Amid reports that North Korea has already sent a batch of troops to Russia for training, former Ambassador to Ukraine Kuninori Matsuda said during an interview in Tokyo that Pyongyang’s participation would mean that the war in Europe has become “completely linked with security in East Asia.”

Kuninori Matsuda, former Japanese ambassador to Ukraine, speaks at an interview in Tokyo on Oct. 22, 2024. (Kyodo)
Matsuda, whose three-year tenure covered the start of Russia’s full-scale invasion of Ukraine in February 2022, called for the need to impose pressure on Russia and North Korea, and emphasized that Japan should perceive the ongoing war as “its own issue.”
He also said Japan and the United States should take North Korea’s troop deployment “seriously,” noting that the regional security situation could drastically change once soldiers return to the Korean Peninsula having experienced joint operations in battle.
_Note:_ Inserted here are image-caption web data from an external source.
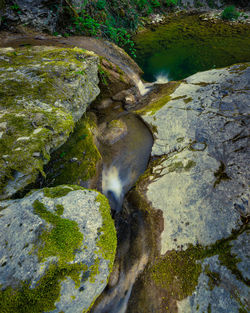 Stream flowing through rocks in forest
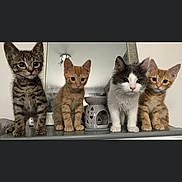 George is registered to the contest to win money with this photo: abyssinian, animal, art, brick, camera, cat, collage, egyptiancat, electronics, gray, indoors, kitten, manx, pet, pottery, shelf, siamese, webcam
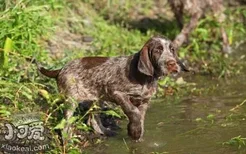 史毕诺犬有跳蚤怎么办 史毕诺犬去跳蚤方法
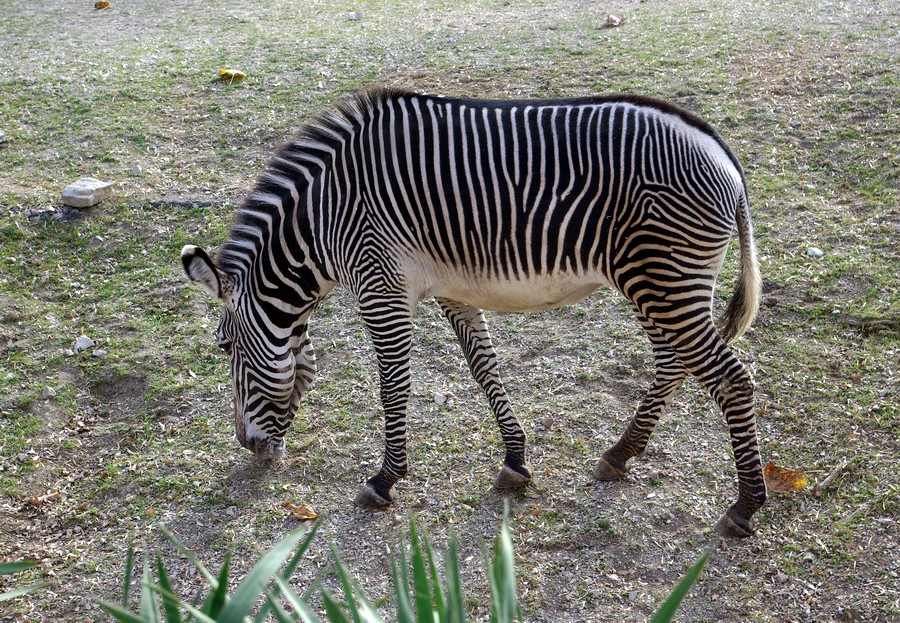 7339_grevy.JPG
Matsuda said North Korea’s deployment of troops could also mean that Russia is lacking enough military manpower in the war that is now in its third year.
Last Friday, South Korea’s National Intelligence Service said North Korea has sent about 1,500 special forces troops to Russia’s Far East, in a sign that the military cooperation between Moscow and Pyongyang is extending beyond the provision of weapons.
Ukraine ambassador to the United Nations Sergiy Kyslytsya said Monday that approximately 11,000 North Korean infantry troops are being trained in Russia’s East, and that “these troops are expected to be ready for war against Ukraine by Nov. 1.”
Japan, the sole Asian member of the Group of Seven industrialized nations, has moved in lockstep with the United States and European countries in imposing sanctions on Moscow. It has also offered assistance to Ukraine in fields such as minesweeping and by providing nonlethal defense equipment in line with the constraints in place under its pacifist Constitution.
Matsuda, 65, who will soon retire from the Foreign Ministry following his return to Japan earlier this month, recalled that he was “always thinking” about what his government could do to meet the needs of the Ukrainian people.
“I wanted to avoid a situation in which necessary things are not supplied at the right moment while useless discussions are taking place,” he said.